### Given data
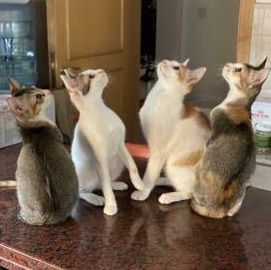 Enlarge Marilyn & her kittens, a ADOPTABLE Domestic Short Hair in Waltham, MA image 2/6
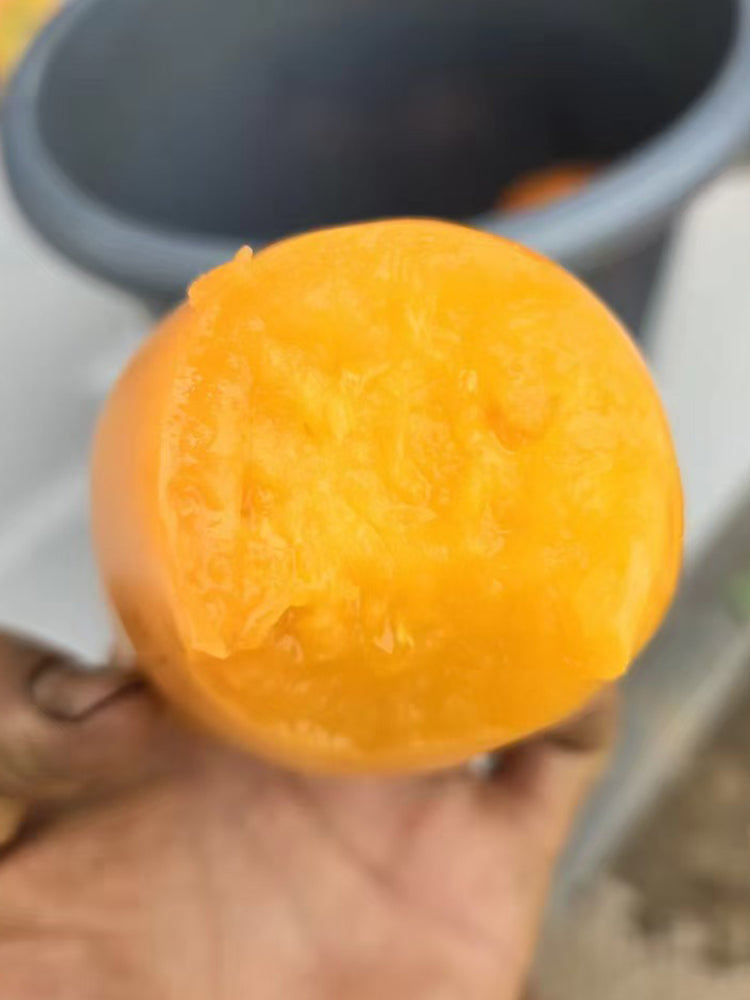 883 Golden Fashionista Tomato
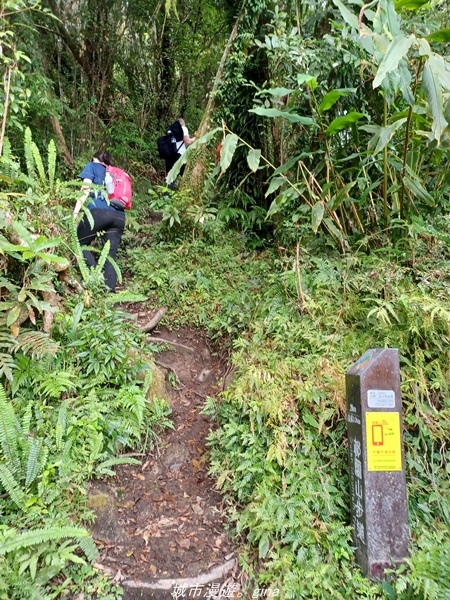 【台東東河】走一趟卑南族阿美族的聖山。 小百岳集起來。 No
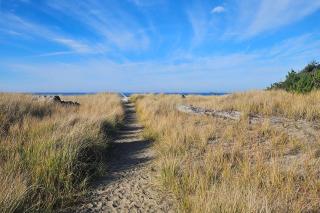1and8 Mi to Neskowin Beach! Cozy Oregon Coast Home - 4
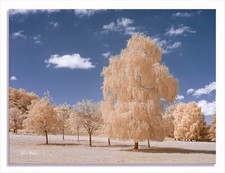 Fotocamera mirrorless IR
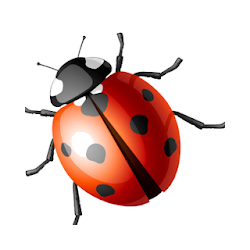 Agro-Insects - कट जञन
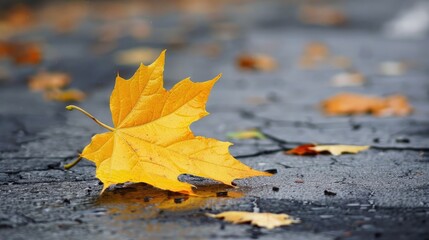 A yellow leaf that has fallen during autumn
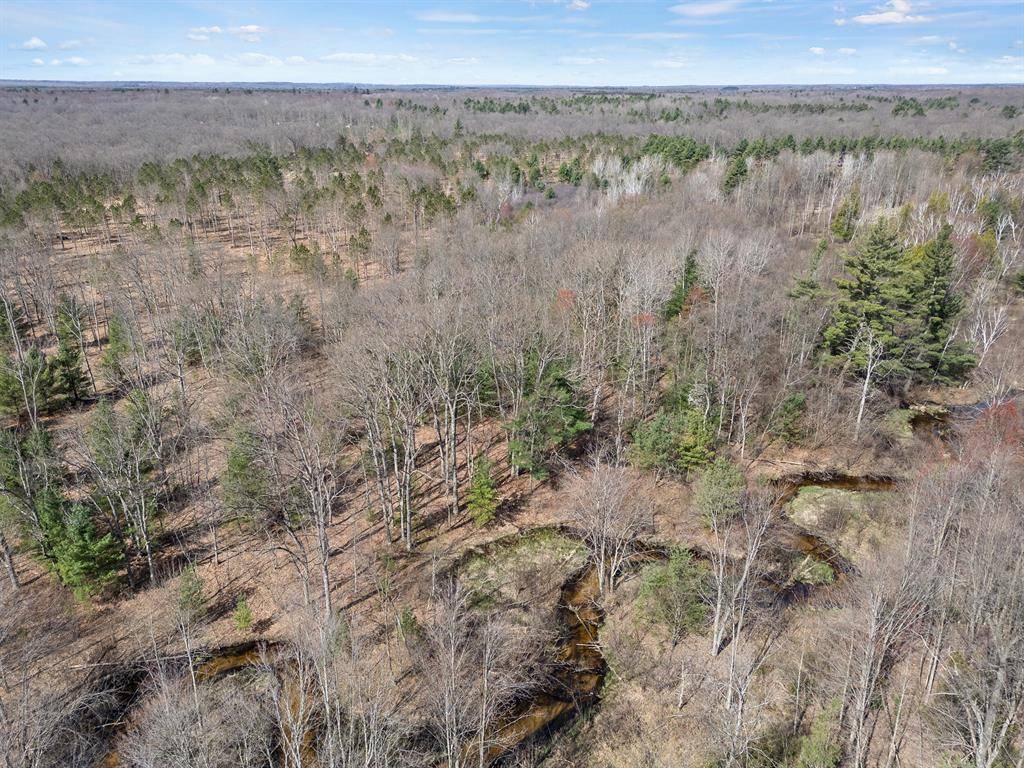 Branch Twp, MI 49410,00# N Benson Road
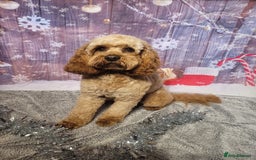 Mixed Breed dogs for sale: Cavachon Puppies for Sale  - Image 11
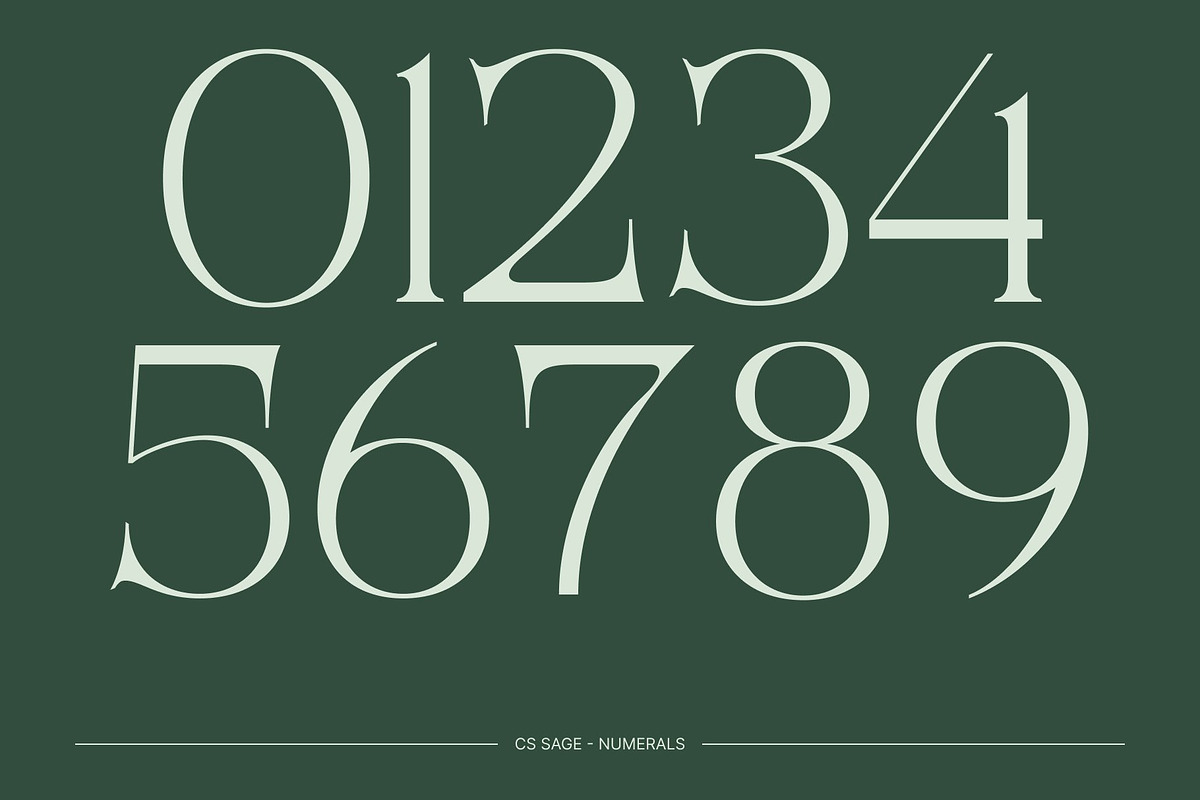 CS Sage – Art Nouveau Font, a Serif Font by Craft Supply Co. (Photo 6 of 8)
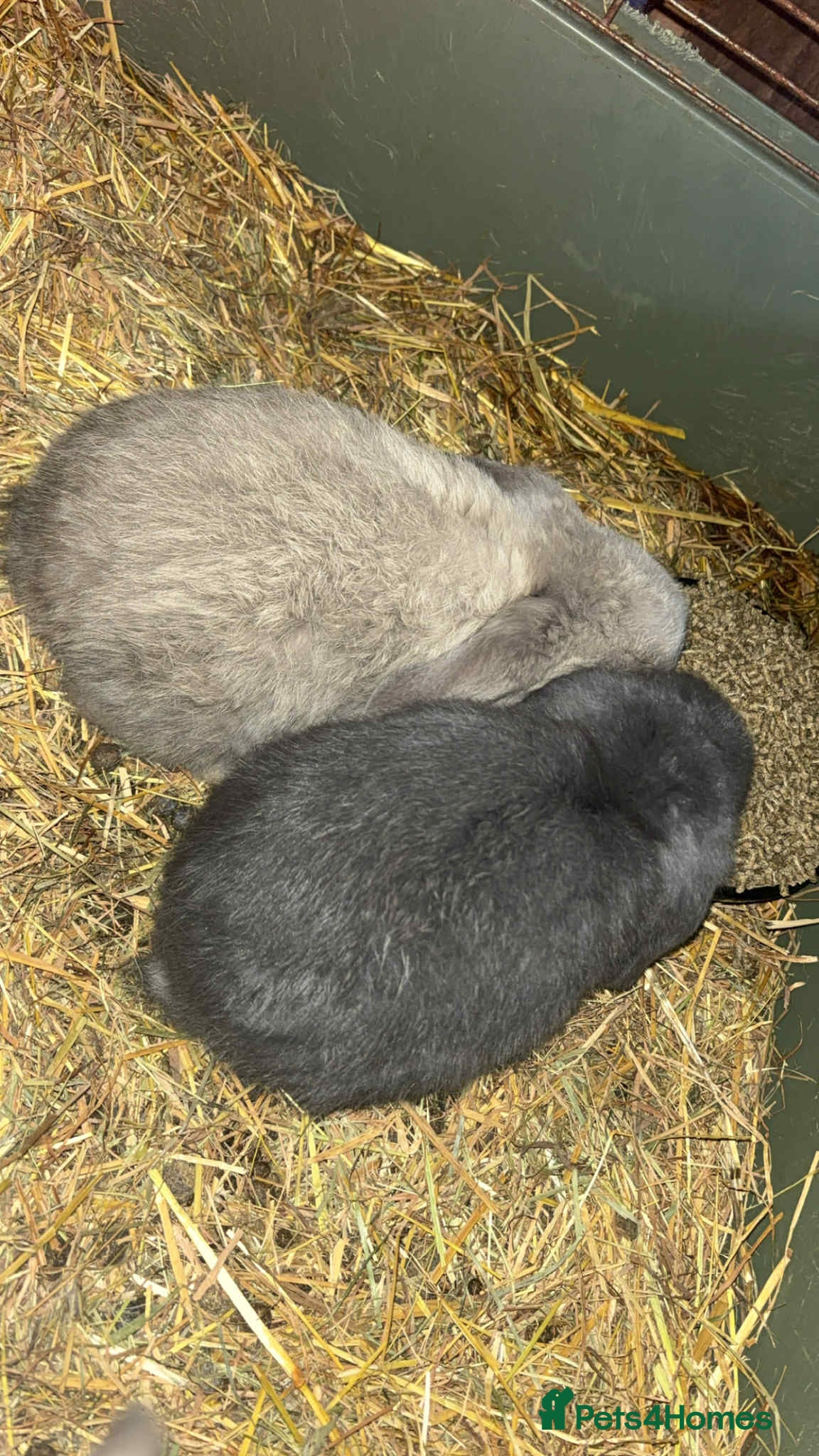 Mini Lop rabbits 3 left Baby mini lop rabbits  - Advert 14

### Aim of the exercise
Beginning with the line where "Fotocamera mirrorless IR" appears, restate word for word every line down to the last one in the data, but keep the pictures out.

### Response to the exercise
 Fotocamera mirrorless IR
 Agro-Insects - कट जञन
 A yellow leaf that has fallen during autumn
 Branch Twp, MI 49410,00# N Benson Road
 Mixed Breed dogs for sale: Cavachon Puppies for Sale  - Image 11
 CS Sage – Art Nouveau Font, a Serif Font by Craft Supply Co. (Photo 6 of 8)
 Mini Lop rabbits 3 left Baby mini lop rabbits  - Advert 14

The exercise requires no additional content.